By Emmanuel Nduka Obisue
President Bola Tinubu has ended the six-month emergency rule in Rivers State, reinstating Governor Siminalayi Fubara and his deputy, Ngozi Odu, to office. Suspended lawmakers of the Rivers State House of Assembly were also directed to resume legislative duties.
The president announced the decision in a nationwide address on Wednesday, with presidential spokesman Bayo Onanuga releasing the statement.
Tinubu recalled declaring the emergency rule on March 18, 2025, after a fierce political crisis left governance in Rivers paralysed. The standoff pitched Fubara against 27 lawmakers loyal to the speaker, with only four supporting the governor. The president noted that the crisis crippled governance and left vital economic assets, such as oil pipelines, vulnerable to vandalism.
“The serious constitutional impasse brought governance in the state to a standstill. Even the Supreme Court, in one of its judgments, held that there was no government in Rivers State,” Tinubu said.
He explained that repeated interventions from his office and other stakeholders failed to resolve the impasse, forcing him to invoke Section 305 of the 1999 Constitution.

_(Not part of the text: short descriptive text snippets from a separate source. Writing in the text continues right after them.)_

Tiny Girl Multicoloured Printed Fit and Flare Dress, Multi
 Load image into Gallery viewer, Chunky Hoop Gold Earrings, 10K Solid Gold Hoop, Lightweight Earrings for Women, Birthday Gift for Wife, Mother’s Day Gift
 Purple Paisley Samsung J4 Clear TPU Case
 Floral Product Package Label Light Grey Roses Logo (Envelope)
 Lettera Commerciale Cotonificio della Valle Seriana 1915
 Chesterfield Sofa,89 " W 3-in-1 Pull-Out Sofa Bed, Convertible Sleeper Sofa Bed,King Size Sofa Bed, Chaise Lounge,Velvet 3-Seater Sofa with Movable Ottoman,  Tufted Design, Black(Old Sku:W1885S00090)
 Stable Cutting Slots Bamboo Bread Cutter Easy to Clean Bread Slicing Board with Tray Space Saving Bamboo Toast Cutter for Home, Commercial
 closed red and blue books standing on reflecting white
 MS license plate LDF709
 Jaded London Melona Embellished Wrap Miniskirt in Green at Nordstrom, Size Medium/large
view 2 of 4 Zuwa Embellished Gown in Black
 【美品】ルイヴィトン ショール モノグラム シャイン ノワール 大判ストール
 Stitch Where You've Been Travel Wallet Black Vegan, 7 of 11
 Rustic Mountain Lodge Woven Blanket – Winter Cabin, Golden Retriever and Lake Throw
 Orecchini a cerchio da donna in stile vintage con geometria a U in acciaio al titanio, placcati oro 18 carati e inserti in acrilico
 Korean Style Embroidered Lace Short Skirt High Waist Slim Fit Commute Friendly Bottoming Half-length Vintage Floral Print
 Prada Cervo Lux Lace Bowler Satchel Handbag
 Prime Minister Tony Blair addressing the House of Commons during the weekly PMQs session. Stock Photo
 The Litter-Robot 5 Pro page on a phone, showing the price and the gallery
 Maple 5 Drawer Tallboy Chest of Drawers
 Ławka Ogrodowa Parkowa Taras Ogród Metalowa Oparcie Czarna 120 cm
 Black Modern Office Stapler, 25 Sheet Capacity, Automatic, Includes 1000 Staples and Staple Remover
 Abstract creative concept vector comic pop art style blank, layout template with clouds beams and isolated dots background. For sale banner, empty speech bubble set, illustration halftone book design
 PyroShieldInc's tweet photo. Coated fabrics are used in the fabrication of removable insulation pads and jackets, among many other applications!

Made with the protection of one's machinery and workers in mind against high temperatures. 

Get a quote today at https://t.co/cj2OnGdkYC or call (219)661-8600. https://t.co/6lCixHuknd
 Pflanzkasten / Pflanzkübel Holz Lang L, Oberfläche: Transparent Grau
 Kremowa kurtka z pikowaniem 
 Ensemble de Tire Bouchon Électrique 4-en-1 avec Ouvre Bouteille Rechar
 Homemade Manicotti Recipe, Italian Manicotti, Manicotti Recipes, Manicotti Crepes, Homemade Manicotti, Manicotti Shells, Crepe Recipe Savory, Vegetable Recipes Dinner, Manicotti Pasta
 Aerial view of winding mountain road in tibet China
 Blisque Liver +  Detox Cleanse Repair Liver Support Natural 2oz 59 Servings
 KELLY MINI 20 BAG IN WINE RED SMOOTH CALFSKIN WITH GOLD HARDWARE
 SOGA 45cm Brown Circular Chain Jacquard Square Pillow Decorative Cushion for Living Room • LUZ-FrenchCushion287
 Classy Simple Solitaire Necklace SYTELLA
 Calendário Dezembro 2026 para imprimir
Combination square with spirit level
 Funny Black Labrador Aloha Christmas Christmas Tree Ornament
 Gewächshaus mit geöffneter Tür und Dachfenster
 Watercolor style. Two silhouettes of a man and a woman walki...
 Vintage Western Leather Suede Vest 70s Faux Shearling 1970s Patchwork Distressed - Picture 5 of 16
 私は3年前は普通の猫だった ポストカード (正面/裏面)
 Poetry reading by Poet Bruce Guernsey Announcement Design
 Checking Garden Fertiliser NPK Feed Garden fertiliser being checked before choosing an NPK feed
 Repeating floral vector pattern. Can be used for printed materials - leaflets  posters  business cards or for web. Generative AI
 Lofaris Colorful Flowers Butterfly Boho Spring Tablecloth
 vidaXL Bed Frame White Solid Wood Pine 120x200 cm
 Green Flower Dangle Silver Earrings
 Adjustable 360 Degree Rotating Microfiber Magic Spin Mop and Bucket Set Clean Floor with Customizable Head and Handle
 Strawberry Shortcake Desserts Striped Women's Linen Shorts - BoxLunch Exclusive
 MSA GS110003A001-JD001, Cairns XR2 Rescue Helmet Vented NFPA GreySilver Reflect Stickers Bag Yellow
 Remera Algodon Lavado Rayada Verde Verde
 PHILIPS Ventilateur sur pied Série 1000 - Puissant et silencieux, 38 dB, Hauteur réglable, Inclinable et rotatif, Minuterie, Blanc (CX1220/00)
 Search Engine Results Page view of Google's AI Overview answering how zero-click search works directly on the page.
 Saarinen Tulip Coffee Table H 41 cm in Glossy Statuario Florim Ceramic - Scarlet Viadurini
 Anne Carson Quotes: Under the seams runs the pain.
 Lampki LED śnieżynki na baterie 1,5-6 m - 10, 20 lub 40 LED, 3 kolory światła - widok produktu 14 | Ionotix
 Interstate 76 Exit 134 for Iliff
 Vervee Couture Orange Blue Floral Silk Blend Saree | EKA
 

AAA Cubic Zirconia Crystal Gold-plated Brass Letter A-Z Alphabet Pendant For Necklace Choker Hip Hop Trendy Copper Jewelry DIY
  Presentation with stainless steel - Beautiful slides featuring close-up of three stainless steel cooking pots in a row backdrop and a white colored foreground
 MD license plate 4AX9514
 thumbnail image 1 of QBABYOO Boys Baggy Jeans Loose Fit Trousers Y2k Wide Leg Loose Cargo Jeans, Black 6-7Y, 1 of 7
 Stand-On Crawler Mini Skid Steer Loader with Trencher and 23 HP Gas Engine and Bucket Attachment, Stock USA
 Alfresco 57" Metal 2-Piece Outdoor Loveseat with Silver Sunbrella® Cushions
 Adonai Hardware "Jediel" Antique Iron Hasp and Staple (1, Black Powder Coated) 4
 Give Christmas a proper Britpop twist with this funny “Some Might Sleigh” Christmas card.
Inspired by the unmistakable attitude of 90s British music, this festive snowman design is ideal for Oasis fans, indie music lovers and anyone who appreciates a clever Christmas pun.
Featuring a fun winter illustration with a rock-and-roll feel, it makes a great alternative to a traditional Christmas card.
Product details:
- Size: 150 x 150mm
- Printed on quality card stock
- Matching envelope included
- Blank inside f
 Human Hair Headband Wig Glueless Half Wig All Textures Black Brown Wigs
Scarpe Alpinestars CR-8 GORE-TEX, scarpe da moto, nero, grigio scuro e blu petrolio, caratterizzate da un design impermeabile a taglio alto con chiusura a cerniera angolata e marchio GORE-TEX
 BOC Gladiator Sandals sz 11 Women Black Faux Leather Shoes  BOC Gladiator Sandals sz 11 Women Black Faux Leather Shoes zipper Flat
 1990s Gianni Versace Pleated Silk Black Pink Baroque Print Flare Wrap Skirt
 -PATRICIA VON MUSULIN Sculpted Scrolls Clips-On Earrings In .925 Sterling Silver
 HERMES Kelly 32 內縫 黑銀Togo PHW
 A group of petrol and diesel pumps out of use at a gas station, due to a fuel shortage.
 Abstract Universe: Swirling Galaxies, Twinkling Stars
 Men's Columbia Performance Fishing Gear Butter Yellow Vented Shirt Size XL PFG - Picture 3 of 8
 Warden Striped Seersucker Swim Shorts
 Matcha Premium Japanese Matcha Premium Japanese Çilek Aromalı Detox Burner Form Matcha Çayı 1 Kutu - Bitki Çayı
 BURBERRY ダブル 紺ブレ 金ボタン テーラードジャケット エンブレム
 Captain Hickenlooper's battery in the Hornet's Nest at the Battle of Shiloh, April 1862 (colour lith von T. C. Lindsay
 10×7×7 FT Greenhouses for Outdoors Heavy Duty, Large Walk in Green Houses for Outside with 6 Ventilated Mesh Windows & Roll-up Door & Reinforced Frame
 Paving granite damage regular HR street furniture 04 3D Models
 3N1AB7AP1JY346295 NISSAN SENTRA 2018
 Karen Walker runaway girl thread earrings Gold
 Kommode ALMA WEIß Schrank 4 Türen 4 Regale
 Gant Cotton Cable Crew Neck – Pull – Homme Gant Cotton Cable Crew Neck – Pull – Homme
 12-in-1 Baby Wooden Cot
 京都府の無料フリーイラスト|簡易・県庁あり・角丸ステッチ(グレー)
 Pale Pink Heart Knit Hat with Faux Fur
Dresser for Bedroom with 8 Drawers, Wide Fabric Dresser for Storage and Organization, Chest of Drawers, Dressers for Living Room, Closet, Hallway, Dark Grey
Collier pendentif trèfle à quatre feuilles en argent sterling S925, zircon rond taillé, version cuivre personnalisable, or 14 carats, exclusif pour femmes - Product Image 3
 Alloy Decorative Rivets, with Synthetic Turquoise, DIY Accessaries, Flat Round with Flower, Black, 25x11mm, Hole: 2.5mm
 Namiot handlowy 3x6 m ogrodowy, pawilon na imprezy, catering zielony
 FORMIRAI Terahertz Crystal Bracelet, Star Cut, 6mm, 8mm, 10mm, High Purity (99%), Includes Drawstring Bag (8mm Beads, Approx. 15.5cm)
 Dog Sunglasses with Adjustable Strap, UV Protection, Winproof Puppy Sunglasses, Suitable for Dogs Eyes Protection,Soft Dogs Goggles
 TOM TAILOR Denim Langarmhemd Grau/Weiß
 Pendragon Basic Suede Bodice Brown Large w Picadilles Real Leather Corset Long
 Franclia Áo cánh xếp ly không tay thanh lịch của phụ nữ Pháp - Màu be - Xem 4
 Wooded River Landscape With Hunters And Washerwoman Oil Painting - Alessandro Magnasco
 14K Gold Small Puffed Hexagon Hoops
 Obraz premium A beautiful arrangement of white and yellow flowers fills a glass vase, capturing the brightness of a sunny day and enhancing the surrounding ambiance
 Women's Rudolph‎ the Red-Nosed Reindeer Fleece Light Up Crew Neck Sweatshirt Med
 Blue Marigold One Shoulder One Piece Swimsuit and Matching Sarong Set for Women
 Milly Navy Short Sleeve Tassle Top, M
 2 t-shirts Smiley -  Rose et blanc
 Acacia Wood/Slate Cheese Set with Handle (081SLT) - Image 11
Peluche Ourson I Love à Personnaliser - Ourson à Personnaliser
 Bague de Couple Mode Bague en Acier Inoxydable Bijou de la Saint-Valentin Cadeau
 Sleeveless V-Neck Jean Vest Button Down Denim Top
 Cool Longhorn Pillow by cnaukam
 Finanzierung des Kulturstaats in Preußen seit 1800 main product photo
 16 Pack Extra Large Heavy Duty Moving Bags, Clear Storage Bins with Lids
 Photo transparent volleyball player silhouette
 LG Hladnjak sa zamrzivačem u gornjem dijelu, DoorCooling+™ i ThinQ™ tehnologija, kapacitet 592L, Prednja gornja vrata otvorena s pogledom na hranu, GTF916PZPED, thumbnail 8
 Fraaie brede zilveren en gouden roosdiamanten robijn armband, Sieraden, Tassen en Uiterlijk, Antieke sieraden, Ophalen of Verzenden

This suspended the offices of the governor, deputy governor, and lawmakers for an initial six-month period. The National Assembly promptly endorsed the proclamation.
President Tinubu acknowledged that over 40 legal challenges were filed in Abuja, Port Harcourt, and Yenagoa to nullify the emergency rule, with some still pending. However, he insisted the move was necessary to prevent total collapse of law and order.
“It would have been a colossal failure on my part as President not to have made that proclamation,” he stated.
With governance now restored to elected leadership, Tinubu urged the executive and legislative arms of Rivers State to bury political hostilities and focus on delivering democracy’s dividends.
“The people who voted us into power expect to reap the fruits of democracy. That expectation will remain unrealizable in an atmosphere of violence, anarchy, and insecurity borne by misguided political activism and Machiavellian manipulations,” he warned.